**Dataset excerpt:**

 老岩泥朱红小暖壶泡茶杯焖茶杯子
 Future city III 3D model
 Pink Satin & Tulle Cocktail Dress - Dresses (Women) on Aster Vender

**Task to carry out:**
Beginning with the line containing "Future city III 3D model" and ending with the last line of the listing above, return every line exactly and nothing else.

**Written response:**
 Future city III 3D model
 Pink Satin & Tulle Cocktail Dress - Dresses (Women) on Aster Vender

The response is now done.